• [About this task]:
Where the line containing "11 X Photinia Carré Rouge En Pot De 4 L 1" appears in the records below, begin there and output each line verbatim through the last line.

• [Records from a collection]:
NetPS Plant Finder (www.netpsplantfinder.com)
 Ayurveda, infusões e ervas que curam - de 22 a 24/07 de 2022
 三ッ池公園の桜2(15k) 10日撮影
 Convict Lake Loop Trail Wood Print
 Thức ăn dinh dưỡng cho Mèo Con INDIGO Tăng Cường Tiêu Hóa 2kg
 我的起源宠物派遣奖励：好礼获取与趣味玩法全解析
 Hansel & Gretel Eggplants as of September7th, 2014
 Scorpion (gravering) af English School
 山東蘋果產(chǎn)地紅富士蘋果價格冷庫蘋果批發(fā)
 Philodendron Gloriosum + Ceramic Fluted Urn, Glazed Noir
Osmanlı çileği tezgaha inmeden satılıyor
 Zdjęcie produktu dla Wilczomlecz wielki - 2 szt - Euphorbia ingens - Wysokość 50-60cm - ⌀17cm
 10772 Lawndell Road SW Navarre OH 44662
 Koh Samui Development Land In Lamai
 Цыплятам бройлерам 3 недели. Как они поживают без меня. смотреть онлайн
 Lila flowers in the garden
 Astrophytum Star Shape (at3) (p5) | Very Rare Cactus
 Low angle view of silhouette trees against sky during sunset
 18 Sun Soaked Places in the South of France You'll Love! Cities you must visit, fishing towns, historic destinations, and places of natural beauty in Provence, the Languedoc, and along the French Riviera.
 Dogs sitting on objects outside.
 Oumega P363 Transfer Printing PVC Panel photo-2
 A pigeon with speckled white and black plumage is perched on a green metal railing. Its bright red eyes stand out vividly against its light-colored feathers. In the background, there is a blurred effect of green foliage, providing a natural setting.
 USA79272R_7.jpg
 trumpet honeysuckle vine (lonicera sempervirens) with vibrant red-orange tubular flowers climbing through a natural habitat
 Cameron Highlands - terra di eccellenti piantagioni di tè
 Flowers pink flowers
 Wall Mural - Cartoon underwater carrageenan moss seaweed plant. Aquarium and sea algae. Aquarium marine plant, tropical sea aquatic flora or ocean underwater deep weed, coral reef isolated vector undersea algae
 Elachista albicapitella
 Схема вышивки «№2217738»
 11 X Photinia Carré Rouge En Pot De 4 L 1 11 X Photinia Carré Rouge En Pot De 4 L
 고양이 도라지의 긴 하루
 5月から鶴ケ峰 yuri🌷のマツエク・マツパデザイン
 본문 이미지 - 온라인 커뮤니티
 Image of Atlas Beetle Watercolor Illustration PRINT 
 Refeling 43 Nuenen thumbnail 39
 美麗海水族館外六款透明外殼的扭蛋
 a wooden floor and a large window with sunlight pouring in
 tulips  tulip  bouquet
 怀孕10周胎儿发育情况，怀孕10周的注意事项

• [Output for this task]:
 11 X Photinia Carré Rouge En Pot De 4 L 1 11 X Photinia Carré Rouge En Pot De 4 L
 고양이 도라지의 긴 하루
 5月から鶴ケ峰 yuri🌷のマツエク・マツパデザイン
 본문 이미지 - 온라인 커뮤니티
 Image of Atlas Beetle Watercolor Illustration PRINT 
 Refeling 43 Nuenen thumbnail 39
 美麗海水族館外六款透明外殼的扭蛋
 a wooden floor and a large window with sunlight pouring in
 tulips  tulip  bouquet
 怀孕10周胎儿发育情况，怀孕10周的注意事项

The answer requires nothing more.